* [Records for processing]:
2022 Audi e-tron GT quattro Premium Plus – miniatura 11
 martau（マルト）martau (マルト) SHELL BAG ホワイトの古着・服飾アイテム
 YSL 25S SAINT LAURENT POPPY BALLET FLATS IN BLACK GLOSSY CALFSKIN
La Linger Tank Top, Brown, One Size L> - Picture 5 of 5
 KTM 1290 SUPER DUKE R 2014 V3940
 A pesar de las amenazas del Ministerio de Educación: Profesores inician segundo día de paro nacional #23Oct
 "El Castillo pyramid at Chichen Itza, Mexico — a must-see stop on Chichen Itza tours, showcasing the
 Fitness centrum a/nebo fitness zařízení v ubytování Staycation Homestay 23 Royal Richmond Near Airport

* [Problem]:
Each of the records above is to be reproduced word for word.

* [Written answer]:
2022 Audi e-tron GT quattro Premium Plus – miniatura 11
 martau（マルト）martau (マルト) SHELL BAG ホワイトの古着・服飾アイテム
 YSL 25S SAINT LAURENT POPPY BALLET FLATS IN BLACK GLOSSY CALFSKIN
La Linger Tank Top, Brown, One Size L> - Picture 5 of 5
 KTM 1290 SUPER DUKE R 2014 V3940
 A pesar de las amenazas del Ministerio de Educación: Profesores inician segundo día de paro nacional #23Oct
 "El Castillo pyramid at Chichen Itza, Mexico — a must-see stop on Chichen Itza tours, showcasing the
 Fitness centrum a/nebo fitness zařízení v ubytování Staycation Homestay 23 Royal Richmond Near Airport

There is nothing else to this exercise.